Open cpuhrsch opened 1 month ago
Is the LLaMA3 benchmark currently working at your end with Weight-only Quantization using torch.compile
? Thanks in advance!
suspect we can do the exact same thing for FeedFoward
How would you account for silu
here?
self.w2(F.silu(self.w1(x)) * self.w3(x))
Something like this could work:
class FusedOperation(nn.Module):
def __init__(self, input_dim, hidden_dim, output_dim):
super().__init__()
self.fused_weight = nn.Parameter(torch.randn(output_dim, input_dim * 2))
self.bias = nn.Parameter(torch.zeros(output_dim))
def forward(self, x):
# Split the fused weight into two parts
w1_w3, w2 = self.fused_weight.chunk(2, dim=1)
# Compute the fused operation
hidden = F.silu(x @ w1_w3[:, :x.size(-1)].t()) * (x @ w1_w3[:, x.size(-1):].t())
return hidden @ w2.t() + self.bias
Or do you have a simpler alternative in mind?
@sayakpaul Oh, I mean
x1, x3 = self.w13(x).split([...])
As in, just fuse w1 and w3 not all of w1, w2 and w3. Similar to how wqkv fuses wq, wk and wv, but leaves the output projections (wo) alone.
So more specifically
x1, x3 = self.w13(x).split([...])
return self.w2(F.silu(x1) * x3)
Right now
self.w2(F.silu(self.w1(x)) * self.w3(x))
will cause 3 calls to an nn.Linear, but with the above change it's 2 calls and also F.silu(x1) * x3
can become an epilogue of w13(x)
if using torch.compile.
Essentially you stack w1 and w3 horizontally like
[w1,
w3] @ x
instead of
[w1 @ x,
w3 @ x]
but you can split the result of the former (and do so without causing a copy, because striding).
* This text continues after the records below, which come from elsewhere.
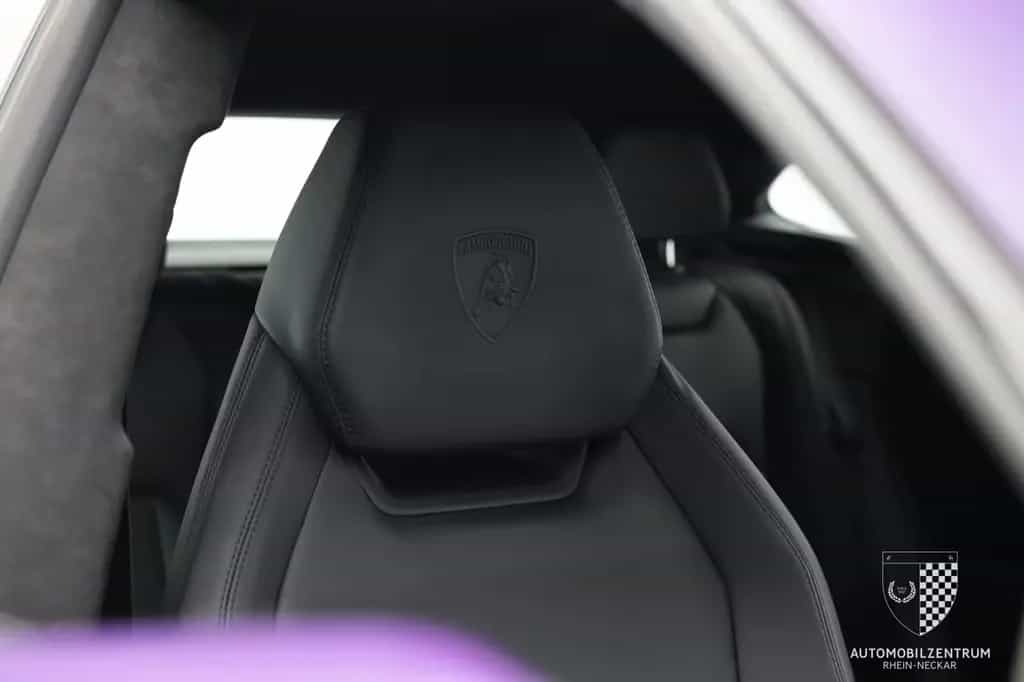 Lamborghini Urus S ViolaMithras/Alcantara/FullbodyPPF 05/2023-photo-10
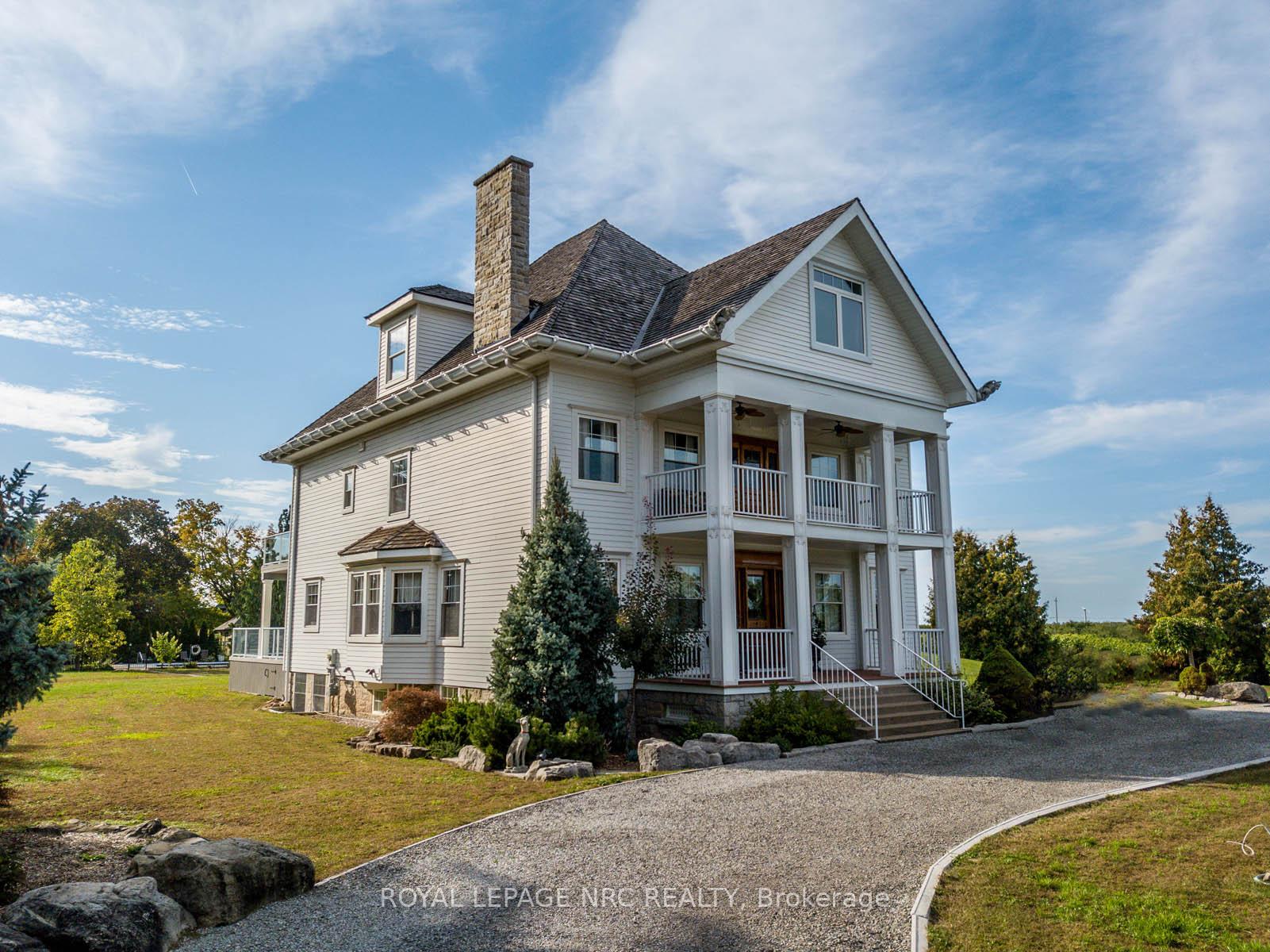 Photo of 14902 Niagara River Parkway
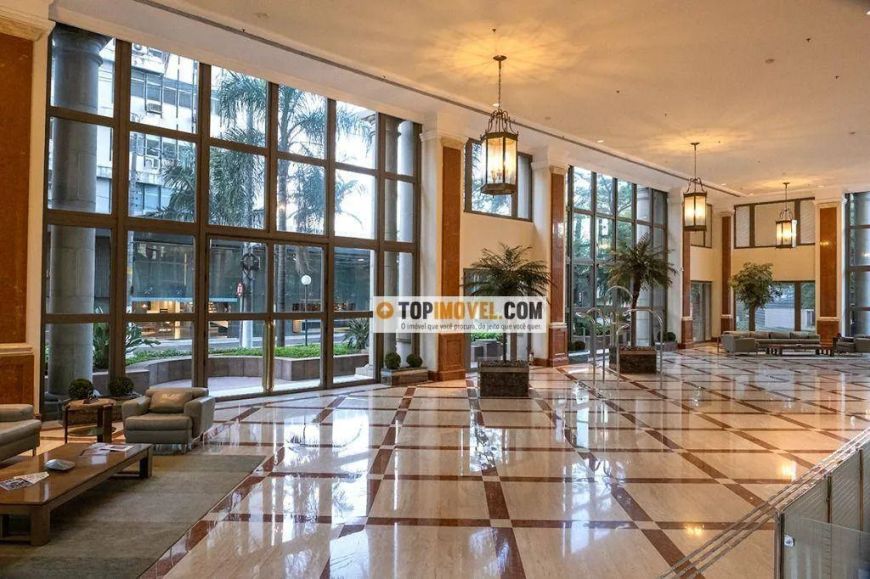 Laje à venda, 540 m² por R$ 23.700.000,00 - Jardim Paulistano - São Paulo/SP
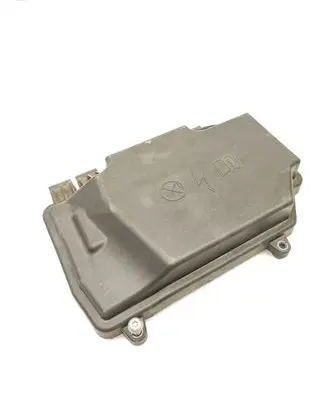 Mercedes-Benz GLC X253 C253 Fuse box cover A2055402428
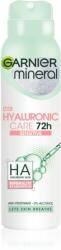 Garnier Mineral Hyaluronic Care 72h deo spray 150 ml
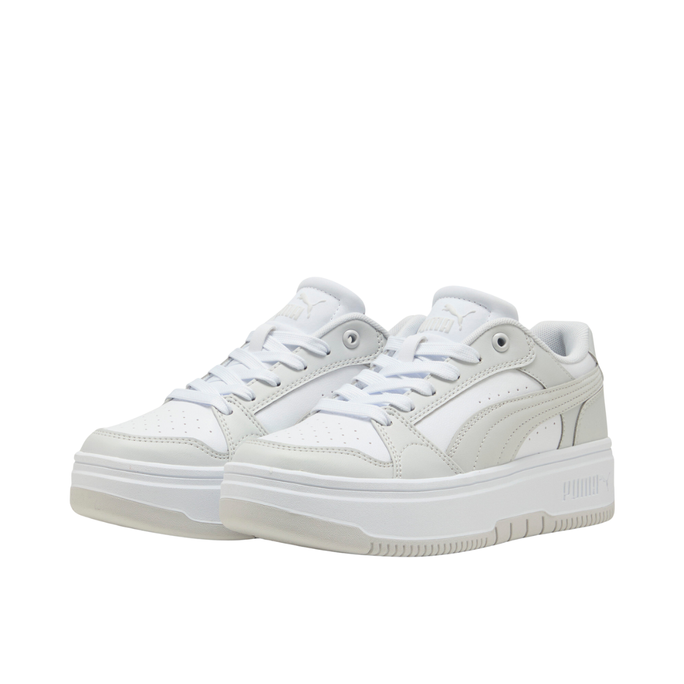 Puma Rebound Femme Low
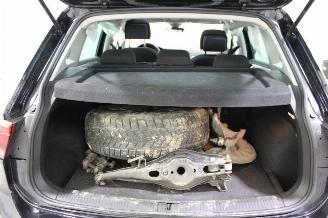 Volkswagen Tiguan  picture 22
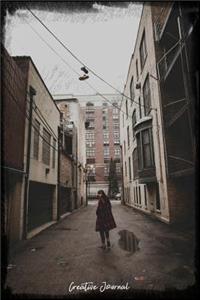 Creative Journal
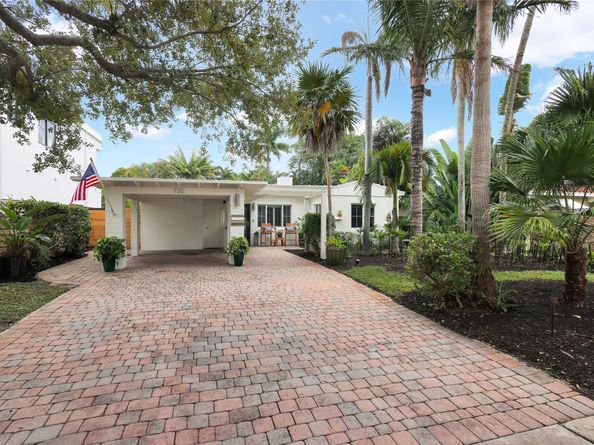 720 NE 17TH Te, Fort Lauderdale FL 33304
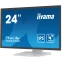 Монитор iiyama 24" ProLite T2452MSC-W1 - фото 2
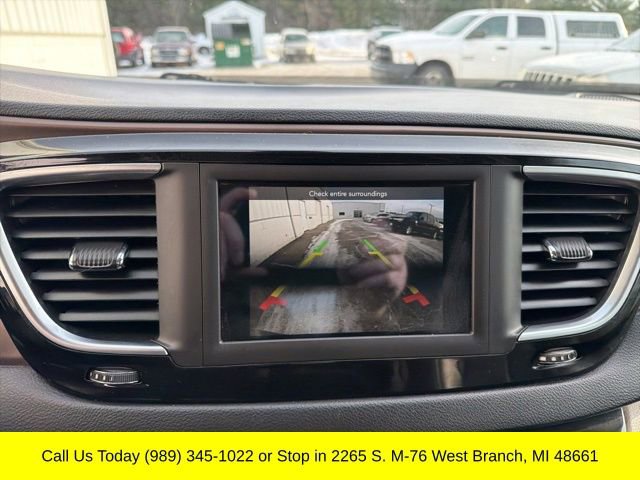 Used 2020 Chrysler Voyager Lxi image 17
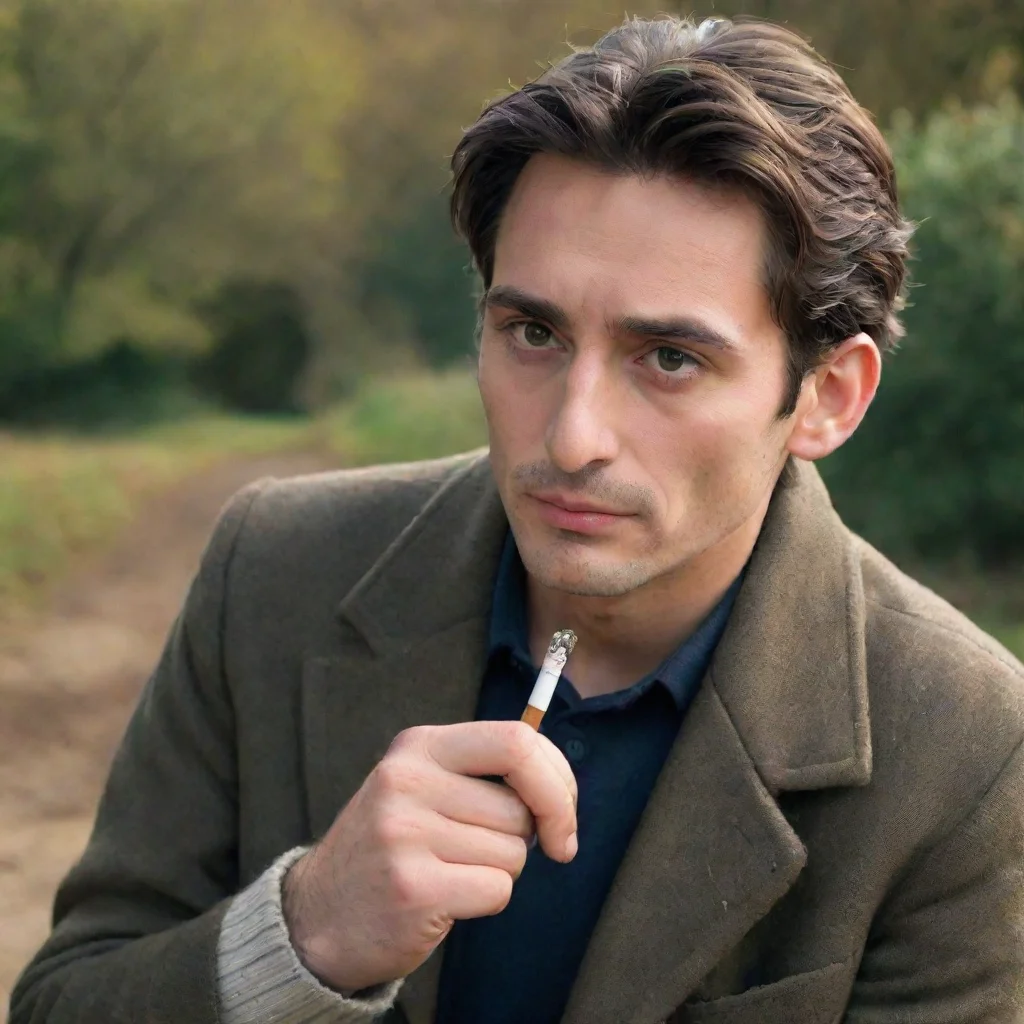 ai CHRISTOPHE ZE MOLE fingerless gloves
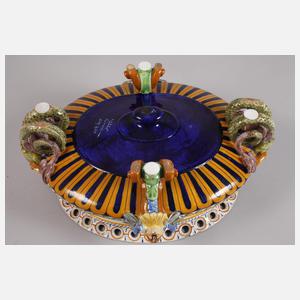 Italien Schale Richard Ginori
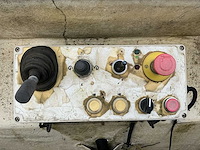 2019 - renault - master - t35 2.3 dci l2h2 - bedrijfswagen/autohoogwerker 12.5m - afbeelding 25 van  26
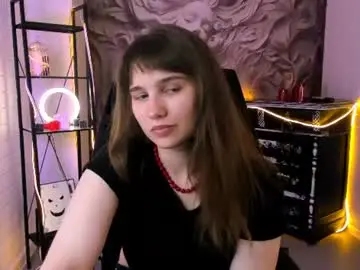 Chaturbate Nude Webcam of tessamill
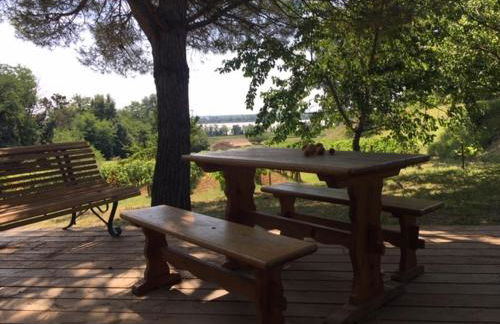 LE TERTRE CAMILLAC - Foto 14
For the Attention module we can concatenate the weights and do one instead of three GEMMs for the input to gain a speedup, because each GEMM will be applied to the same input.
https://github.com/pytorch/ao/blob/22d6f97d8584dd14ac5d0c5bc4ddad9bf33553fe/torchao/_models/llama/model.py#L220-L225 and https://github.com/pytorch/ao/blob/22d6f97d8584dd14ac5d0c5bc4ddad9bf33553fe/torchao/_models/llama/model.py#L230-L231
I suspect we can do the exact same thing for FeedFoward
https://github.com/pytorch/ao/blob/22d6f97d8584dd14ac5d0c5bc4ddad9bf33553fe/torchao/_models/llama/model.py#L262-L263
Task: Implement the above trick and rerun the benchmarks to show gains. If you don't have access to an A100, another (ideally similar) GPU is fine too as a proxy. Also, if you can, try to confirm via a trace that indeed two GEMMs have been turned into one.